═════ Dataset records

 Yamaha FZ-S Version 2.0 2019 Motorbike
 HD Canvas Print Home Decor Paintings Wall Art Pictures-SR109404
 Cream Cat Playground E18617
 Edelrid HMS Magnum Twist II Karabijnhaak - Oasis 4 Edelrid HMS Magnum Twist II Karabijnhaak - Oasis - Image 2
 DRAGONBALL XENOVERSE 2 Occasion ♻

══════════
═════ Dataset records

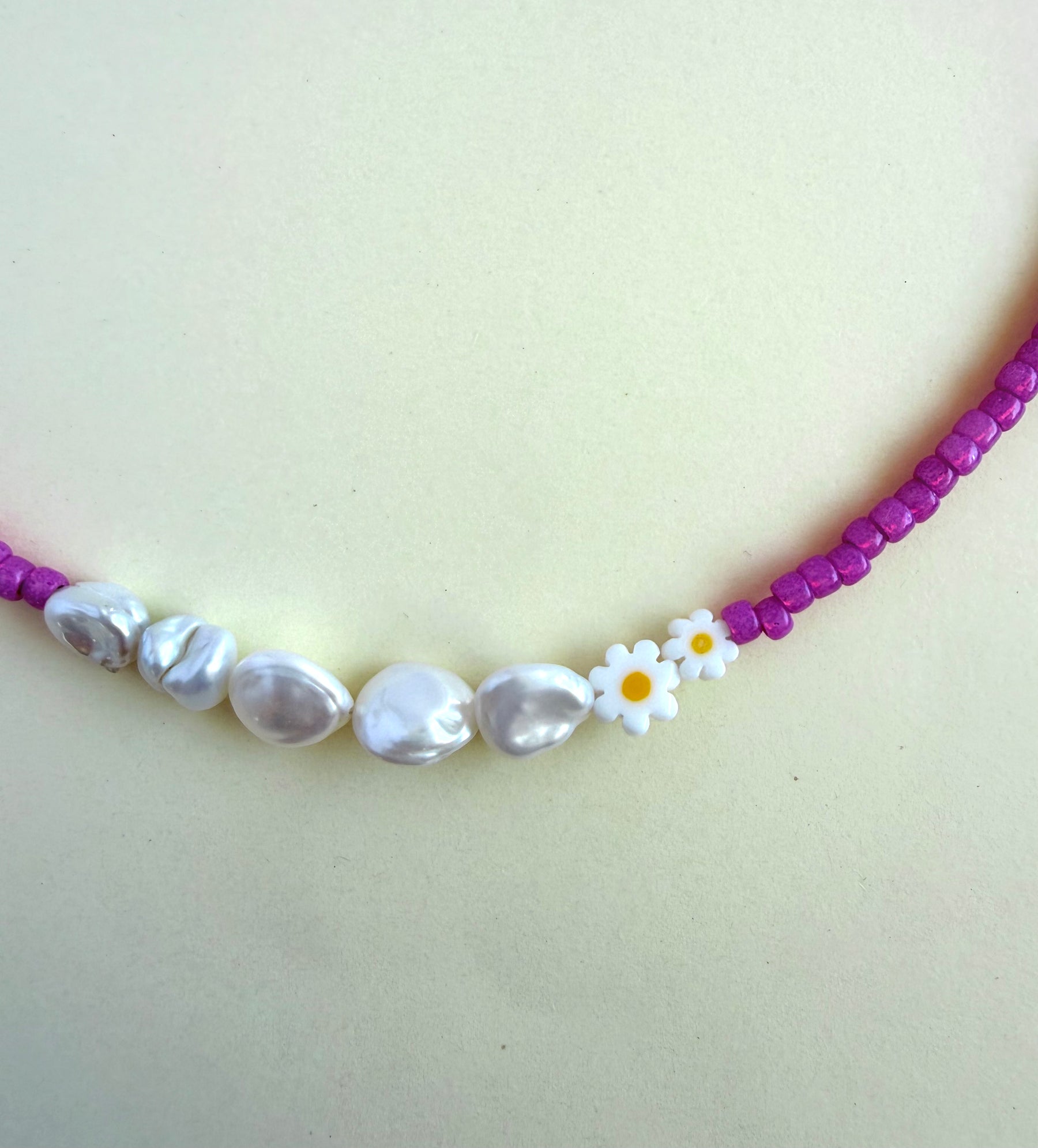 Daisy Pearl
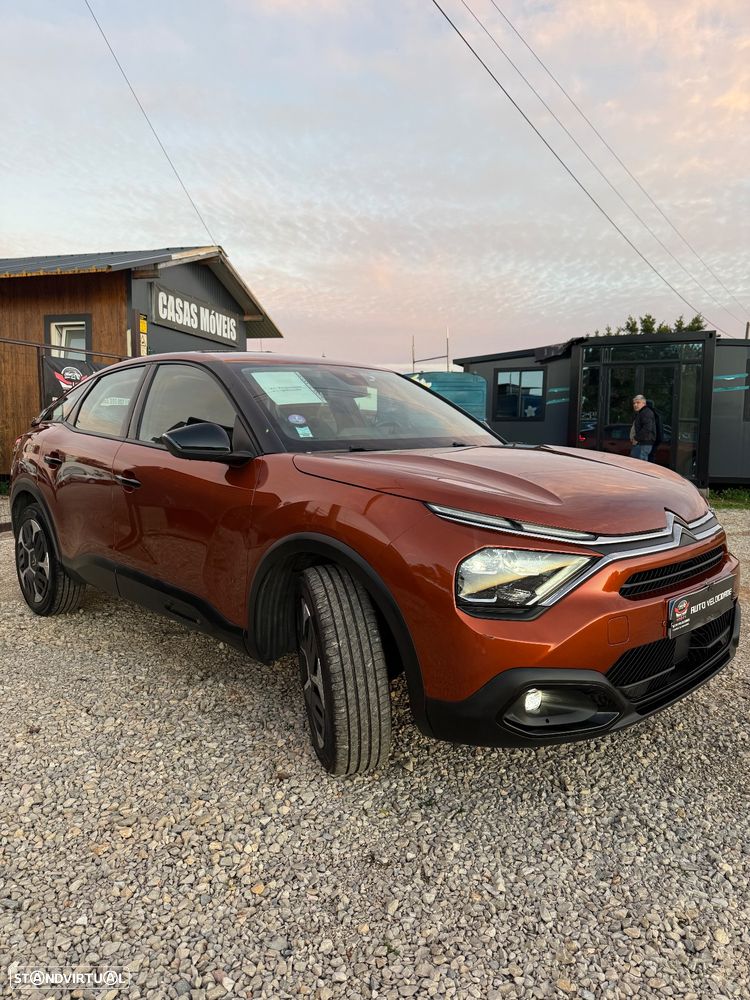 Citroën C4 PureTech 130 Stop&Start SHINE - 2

══════════
═════ Dataset records

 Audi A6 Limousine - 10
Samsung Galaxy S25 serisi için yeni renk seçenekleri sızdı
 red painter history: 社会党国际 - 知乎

══════════

Task:
A word-for-word copy of the lines above from the one with "Audi A6 Limousine - 10" through the one with "red painter history: 社会党国际 - 知乎", inclusive, is the only output wanted.

Your response:
 Audi A6 Limousine - 10
Samsung Galaxy S25 serisi için yeni renk seçenekleri sızdı
 red painter history: 社会党国际 - 知乎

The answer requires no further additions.